The drill field adjoining the barracks was converted into a paddock for brood mares and yearlings; the entire stabling and any superfluous out-houses became roomy loose boxes; hens cackled, cocks crowed, and pigs grunted from every point of the compass, and any youngster prepared to purchase a promising hunter—“a bit rough, but likely to shape well”—from the Colonel need perform no more arduous duties than eating his dinner in uniform and chewing a straw all day.
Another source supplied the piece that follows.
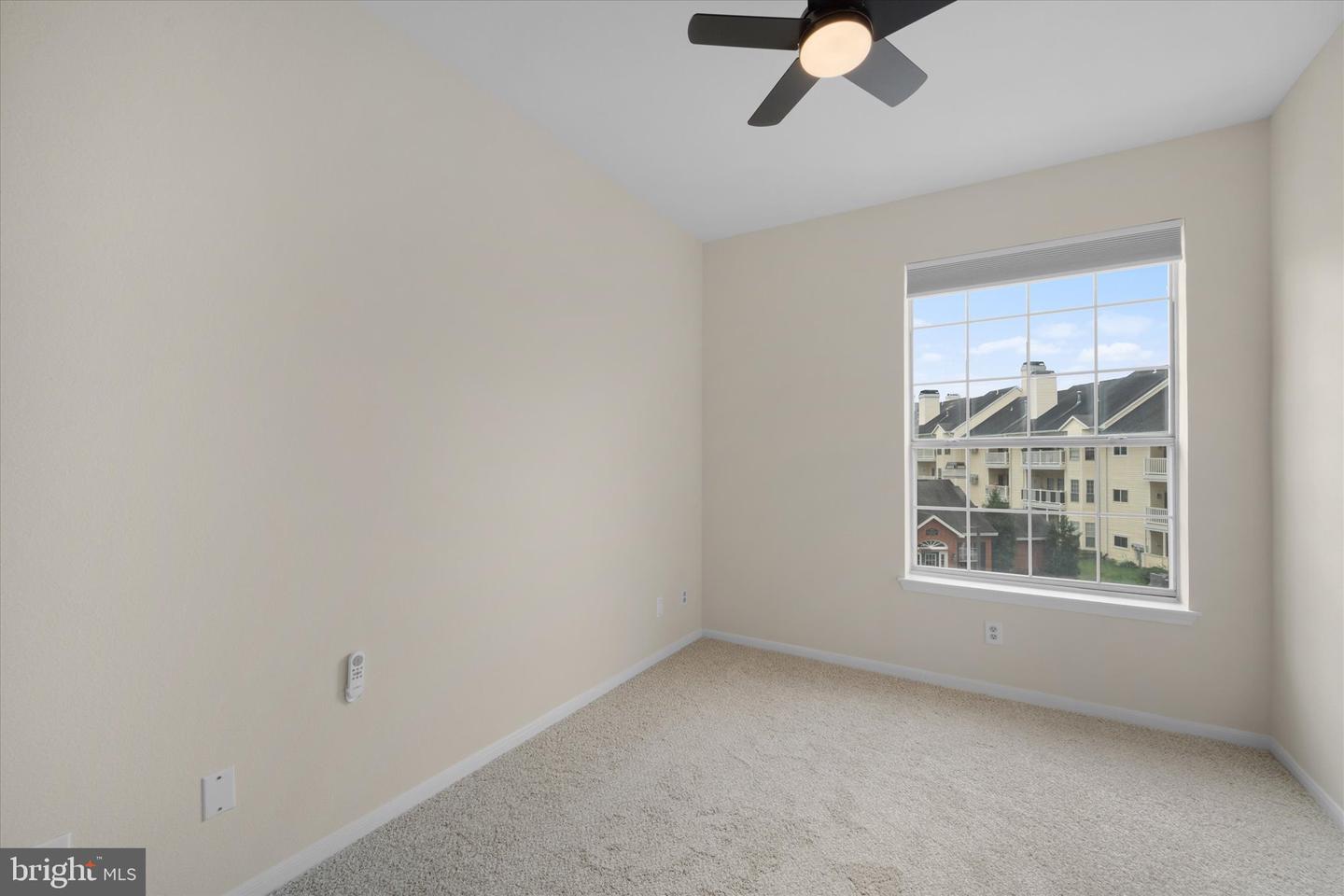 662 GATEWAY DR SE #203, LEESBURG, Virginia 20175, 2 Bedrooms Bedrooms, ,2 BathroomsBathrooms,Residential,For sale,662 GATEWAY DR SE #203,VALO2104968 MLS # VALO2104968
This equine elysium continued till young men began to grizzle and two-year-olds became “aged”; it might, indeed, have continued much longer had it not been for the unfortunate Fenian scare and the military precautions that attended it. Suffice it to say, that in one single day, and without the slightest warning, the Commander-in-Chief—Lord Strathnairn—suddenly appeared in the Square, and within twenty-four hours the happy community was for ever broken up, the farm produce sent off to various auction rooms, and the battalion half-way across the Channel.

Machell, when he arrived at the depôt, was not long in ingratiating himself with the Colonel, and within a year the pair were joint owners of Leonidas, a chestnut gelding that beat everything at all the surrounding meetings at Thurles, Cashel, and Tipperary.

Machell, after his retirement, disappeared below the horizon till summoned to assist at the pulverisation of the unhappy Hastings in the spring of ’67, and it was after that, with £80,000 to his credit, that he loomed into sporting publicity.

A splendid judge of a horse, possessed of a wiry frame, an expressionless face, and a shrewd and calculating temperament, little wonder that he was more or less associated from ’67 to his death with every wealthy horse-owner aspiring to a career and every ass desirous of pilotage by the astutest man of his day.

Machell as a young man had few equals in all feats requiring agility; he could hop, apparently without effort, on to the mantelpiece in the smoking-room at Mackin’s Hotel, Dublin; he could out-run most men for any distance between 100 and 1,000 yards, and as a middle-weight could hold his own amongst the best of amateur boxers. It was not until years after, when he came to blows with Bob Hope-Johnstone, at the “Old Ship,” Brighton, that the scientific bruiser, hopping round his colossal opponent, caught a chance blow that felled him like an ox, breaking three ribs. “Here, take this carrion away,” shouted the Major, and the senseless Machell was removed to his rooms in a cab.

But the redoubtable Bob was, not long after, himself the victim of a cowardly mauling at the hands of two Bond Street Hebrews, who since have developed into the highest authorities on knick-knacks and articles of vertu generally. For even the rugged major, it would appear, had a weak point near his heart, and seeking on one occasion a fair seducer at the Argyll, he traced her to Rose Barton’s, and, attacking the two mashers who were entertaining her, was belaboured with champagne bottles by the cowardly Israelites, till, bleeding from a score of gashes, he was removed to the “John o’ Groat” in Rupert Street, a hostelry now known as Challis’s, after a waiter at Webb’s Coffee House who aspired to perpetuate his name.